What does it do?
This resolution declares the earlier tax abatement given to Niowave to be null and void since the City Council entered the agreement under false pretenses.
City Council agreed to give Niowave their tax abatement under the conditions that (1) Niowave would complete all the negotiated changes to their property to make the building try to fit into the historic character of the neighborhood (2) and the tax abatement would be rescinded if they did not complete the work.
Why is this resolution needed?
Neighbors report that the agreed-upon work has not been completed and asked for the tax abatements to be rescinded.
However, the economic development entity that brokered the negotiation between Niowave and the neighbors failed to inform the city that earlier changes to state law do not allow tax abatements to be rescinded for developments in low income areas.
Therefore, council members Wood and Yorko argue that the initial resolution is null and void since the agreement was based on misinformation.
Without this resolution there does not seem to be a way to rescind the tax abatements given to Niowave even though they did not complete all the items on the negotiated scope of work.

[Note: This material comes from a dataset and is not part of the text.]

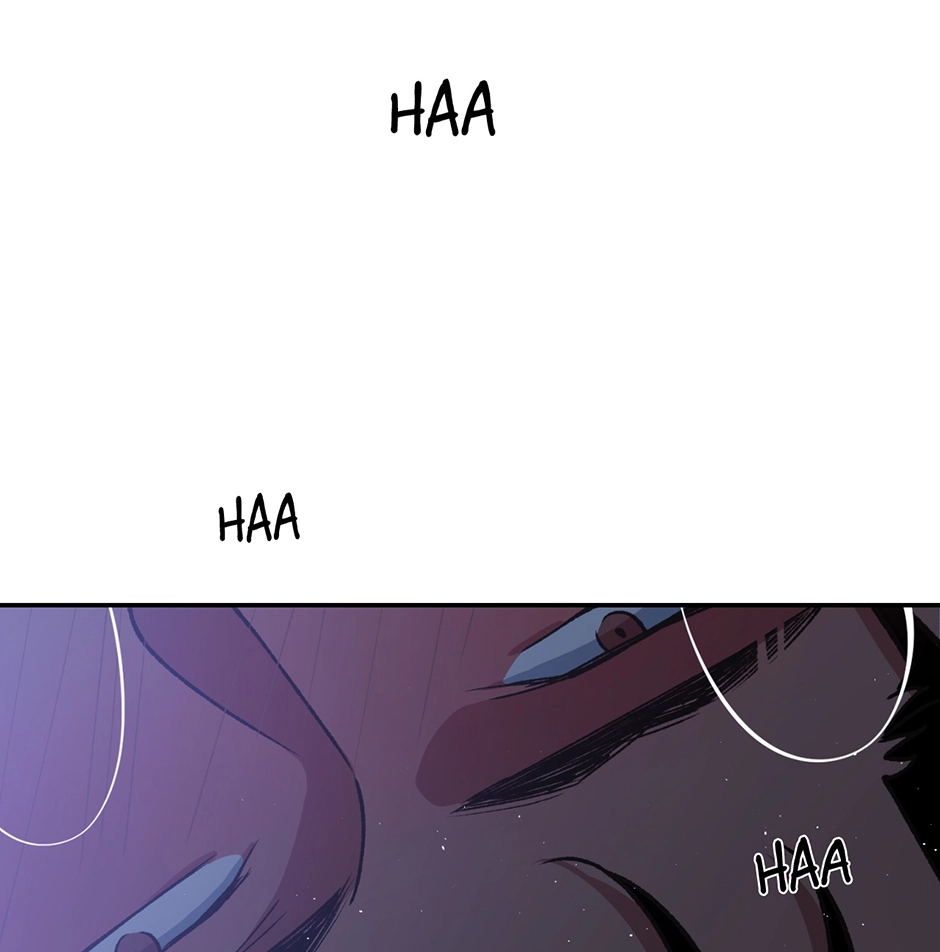 Applause To Our Ancestors Chapter 43 page 79 -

Niowave claims they have already spent more than was agreed to spend in getting the work done and claims most of the works has been done anyway.
What else has been done to prevent these problems in the future?
Council members have already changed procedures for granting special land use permits to prevent another manufacturing facility to accidentally get permission to be built in a residential area.
State representative Andy Schor has also proposed a bill to correct the flaw in state law that does not allow municipalities to rescind tax abatements for companies who are out of compliance with the conditions for having received the tax abatement, but even if this passes it will not be retroactive.